### Problem statement
Work through the listing below and give again exactly the lines from the one with "Leerer Raum mit" to the one with "Fantastic Cast bronze", both ends included. All other lines and all pictures stay out.

### Exercise inputs

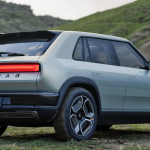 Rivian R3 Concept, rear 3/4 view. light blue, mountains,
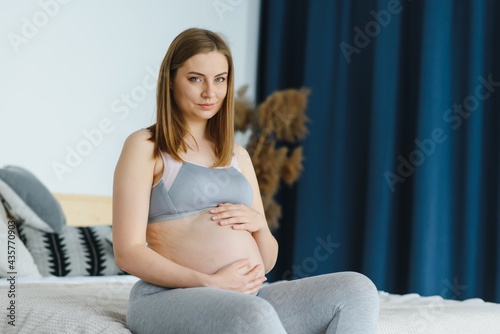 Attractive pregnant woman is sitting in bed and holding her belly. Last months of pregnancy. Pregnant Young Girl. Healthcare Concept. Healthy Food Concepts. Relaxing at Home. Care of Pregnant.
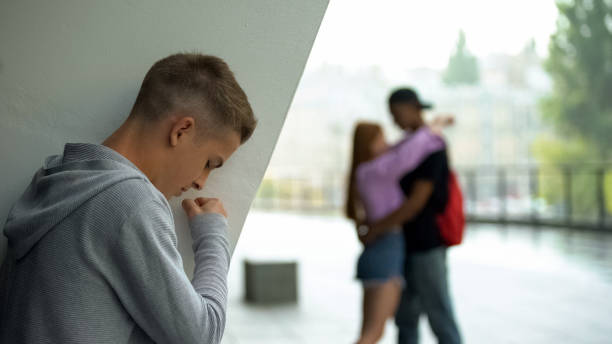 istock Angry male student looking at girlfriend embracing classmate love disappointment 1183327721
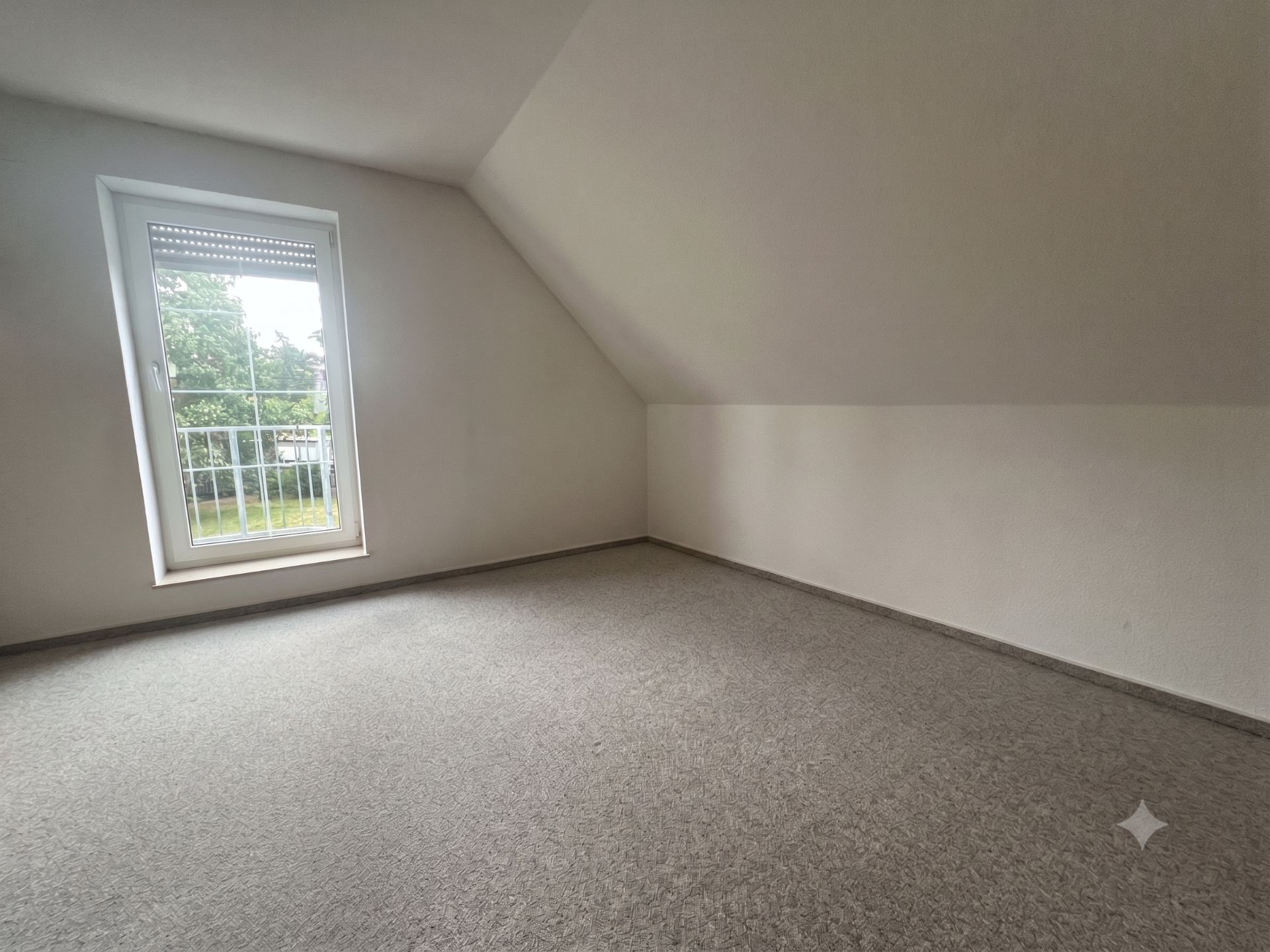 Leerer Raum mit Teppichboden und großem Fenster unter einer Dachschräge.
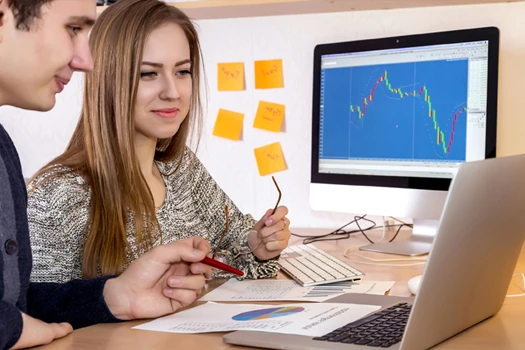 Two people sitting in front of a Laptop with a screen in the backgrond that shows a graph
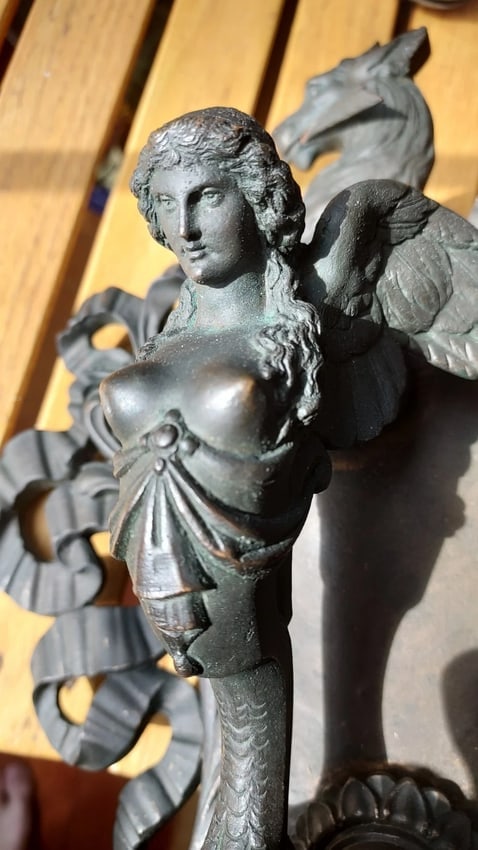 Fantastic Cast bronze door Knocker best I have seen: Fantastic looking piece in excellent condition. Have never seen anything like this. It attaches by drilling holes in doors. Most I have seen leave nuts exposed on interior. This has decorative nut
==
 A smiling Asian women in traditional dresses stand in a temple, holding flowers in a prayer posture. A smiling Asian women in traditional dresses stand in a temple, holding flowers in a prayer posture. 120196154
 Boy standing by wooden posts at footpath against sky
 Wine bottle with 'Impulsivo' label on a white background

### Response below
 Leerer Raum mit Teppichboden und großem Fenster unter einer Dachschräge.
 Two people sitting in front of a Laptop with a screen in the backgrond that shows a graph
 Fantastic Cast bronze door Knocker best I have seen: Fantastic looking piece in excellent condition. Have never seen anything like this. It attaches by drilling holes in doors. Most I have seen leave nuts exposed on interior. This has decorative nut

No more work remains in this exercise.